Título: Repudio qualquer insinuação de pressão
Autor: Ribeiro, Erica ; Delmas, Maria Fernanda
Fonte: O Globo, 12/06/2008, Economia, p. 27
Juiz afirma que tomou decisão técnica de não repassar dívidas fiscais e trabalhistas a comprador da Varig
O juiz Luiz Roberto Ayoub, que conduziu o processo de recuperação judicial da Varig, afirma que não houve qualquer pressão do governo federal e que não admite politização do processo. Por isso não foi ontem ao Senado. Em entrevista ao GLOBO, concedida ao lado da juíza Márcia Cunha, que também acompanha o caso, Ayoub afirmou que tomou uma decisão técnica de não repassar as dívidas fiscais e trabalhistas ao comprador da Varig. Disse ainda que foi ele quem decidiu, em maio de 2005, manter com a Varig as freqüências de vôo, e não a ministra Dilma Rousseff. Ayoub também corroborou as afirmações do governo de que todo o processo da venda dos ativos da Varig foi decidido na Justiça. Quanto à autorização para se concretizar a venda da VarigLog à Volo, em junho de 2006, o juiz diz que a decisão e a responsabilidade são da Anac.

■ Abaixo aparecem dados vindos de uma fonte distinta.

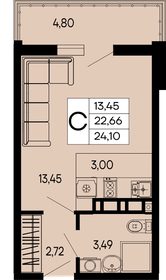 Квартира 24,1 м², студия - изображение 1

Erica Ribeiro e Maria Fernanda Delmas
Houve pressão para a Justiça tomar decisões na venda da Varig e da VarigLog?
LUIZ ROBERTO AYOUB: Não admito politizar processo judicial. Nenhum de nós se intimida, e qualquer pressão fica da porta do gabinete para fora. Em momento algum qualquer personagem de Executivo, Legislativo, tentou pressionar, até porque seria perda de tempo. Repudio qualquer insinuação de pressão. Todas as nossas decisões são técnicas, baseadas na lei. Foram três juízes nesse processo (além dos dois, Paulo Roberto Fragoso), já passaram vários promotores, e todas as decisões foram mantidas pelos tribunais superiores.
Tudo passou pela Justiça, como sustenta o governo?
AYOUB: Qual seria o outro caminho? O processo é judicial. Sobre tudo que foi falado, temos decisões para mostrar.
Não houve nem mesmo interferência política?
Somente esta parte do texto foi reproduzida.